12 Nov 2023

From lighthouse keepers to taxi drivers: publishing lesser read voices with Adrienne Jansen

From Culture 101, 2:30 pm on 12 November 2023

 

Adrienne_Jansen_2023_photo_credit_Juniper_Gibson

Adrienne Jansen Photo: Juniper Gibson

There are many books about lighthouse keepers. And many iconic images of lighthouses on our coastline. Yet the lighthouse keeper was pretty much made extinct in the 1970s in New Zealand when lighthouses became automated. 

In Adrienne Jansen’s sixth novel, Light Keeping, the work and home of the lighthouse keeper is brought back to life. 

Giving voice to others, through writing and publishing opportunities has been something Jansen has devoted most of her career to. Principally to those we hear from the less: from recent immigrants, to cleaners and taxi drivers. 
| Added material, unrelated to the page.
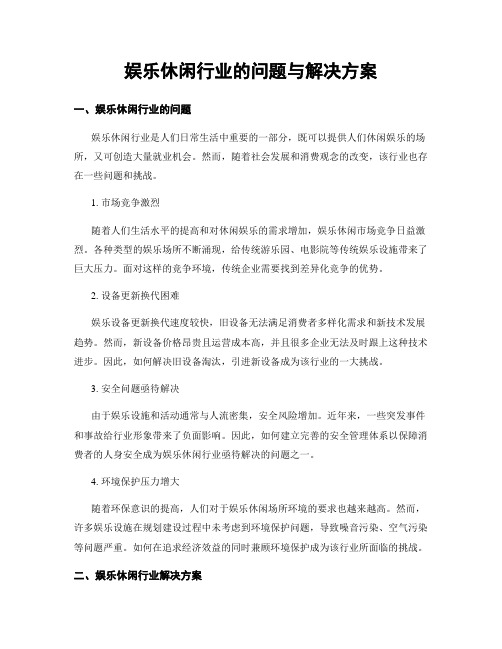 娱乐休闲行业的问题与解决方案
Jansen has a long career as a writer herself. For Light Keeping (Quentin Wilson Publishing) she draws in part on her own family history - in particular the story of her great grandfather Charles Hayward who drowned when his boat capsized in 1887.

Light Keeping

Photo: supplied

In 1994 Jansen founded the creative writing programme at Whitireia Polytechnic in Porirua. She’d previously worked as an ESOL (English for speakers of other languages) teacher and been involved in refugee resettlement. 
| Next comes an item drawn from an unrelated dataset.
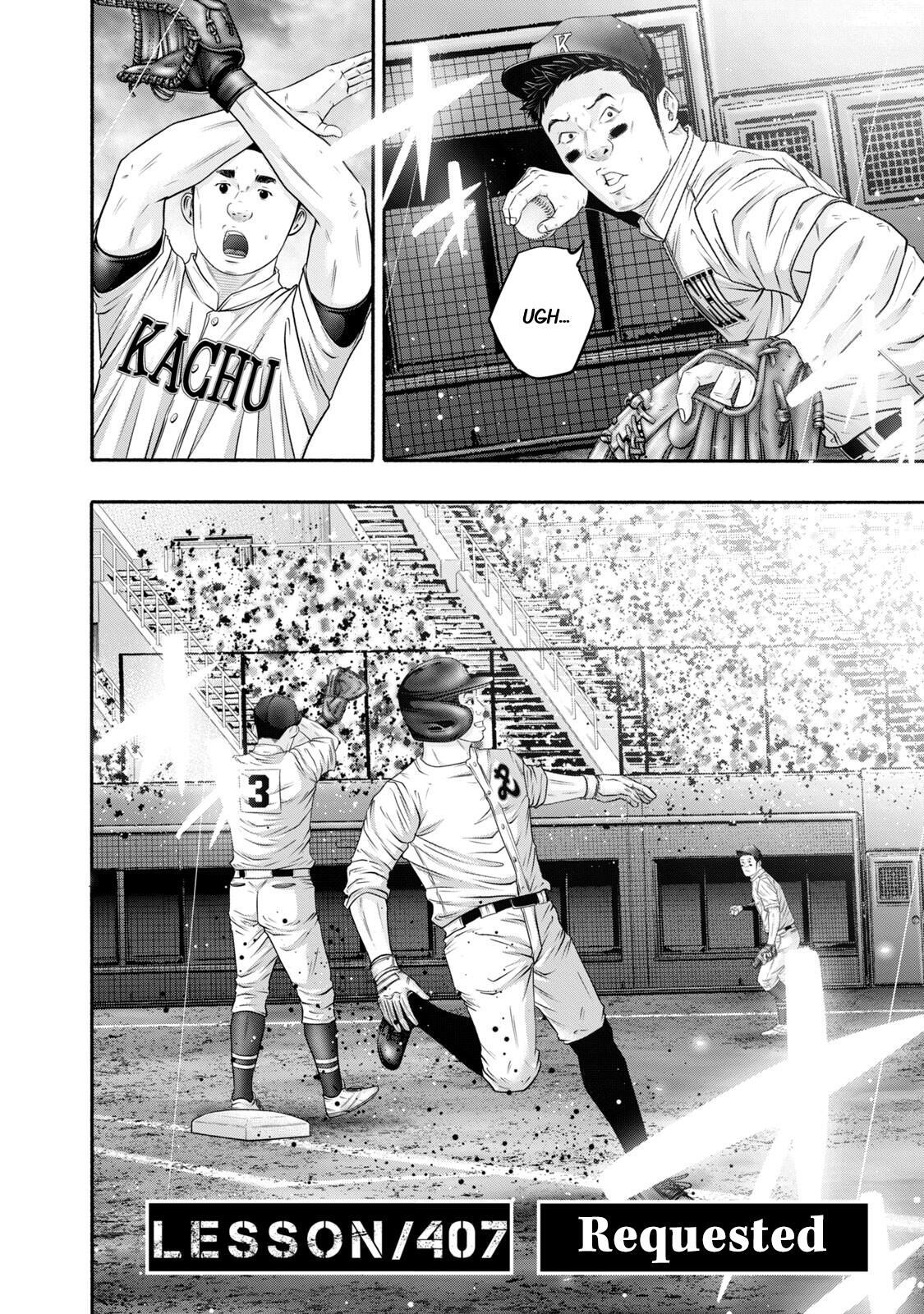 Read Battle Studies Manga Online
More recently, she has worked as a writer at Te Papa for 11 years, and her own creative practice extends to poetry, nonfiction and short stories. Working extensively with migrants in New Zealand, books with others have included The Crescent Moon: The Asian Face of Islam in New Zealand (2009), with Ans Westra, and Migrant Journeys: New Zealand Taxi Drivers Tell Their Stories (2016).
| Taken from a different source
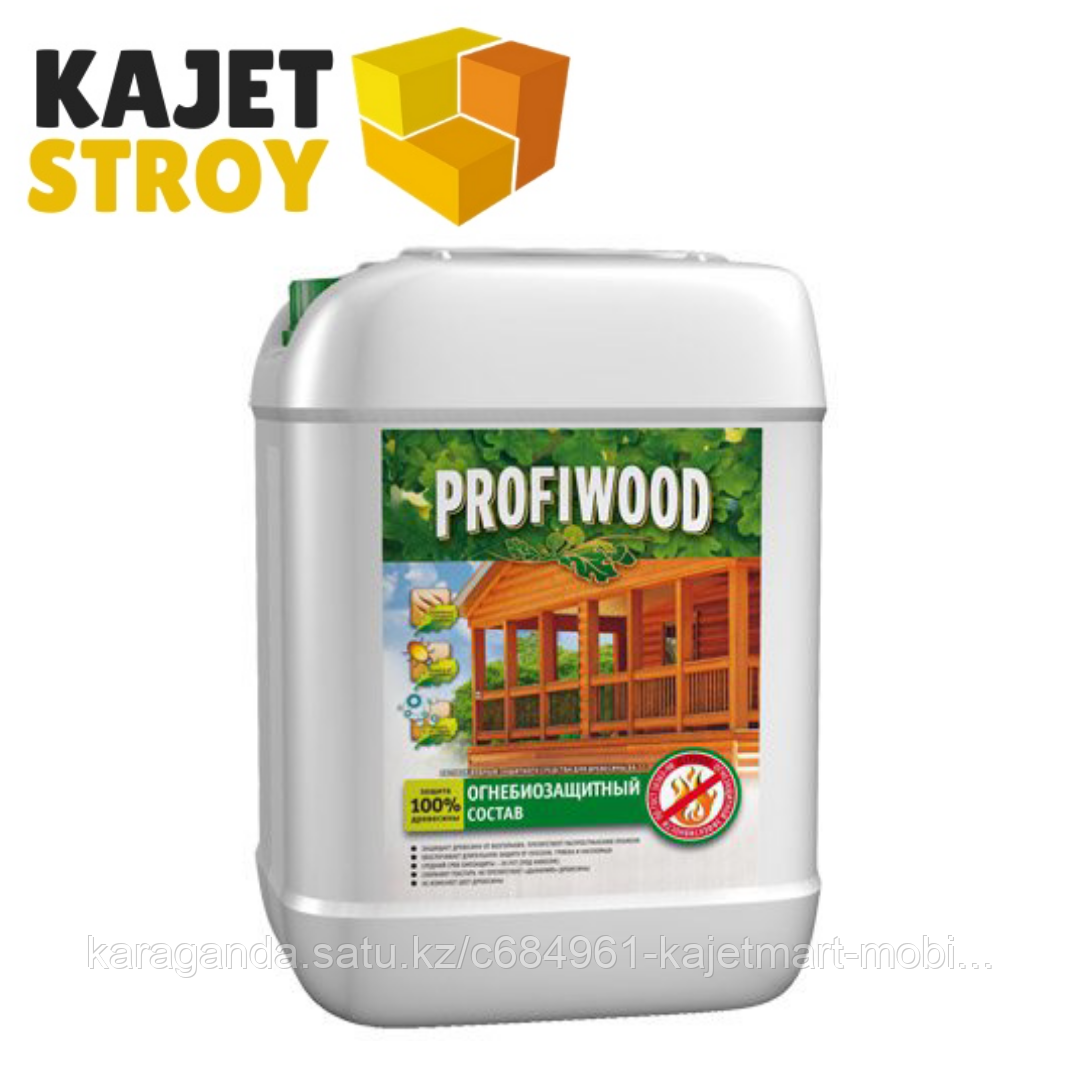 Состав огнебиозащитный 10кг II группа PROFIWOOD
As a publisher Jansen co-founded Escalator Press at Whitireia in 2013 and in 2016 helped set up Landing Press. 

To celebrate 30 years of publishing education at Whitireia, the polytechnic has published Everything I Know About Books: An insider look at publishing in Aotearoa, with short essays by 75 writers. Among them naturally is Adrienne Jansen herself.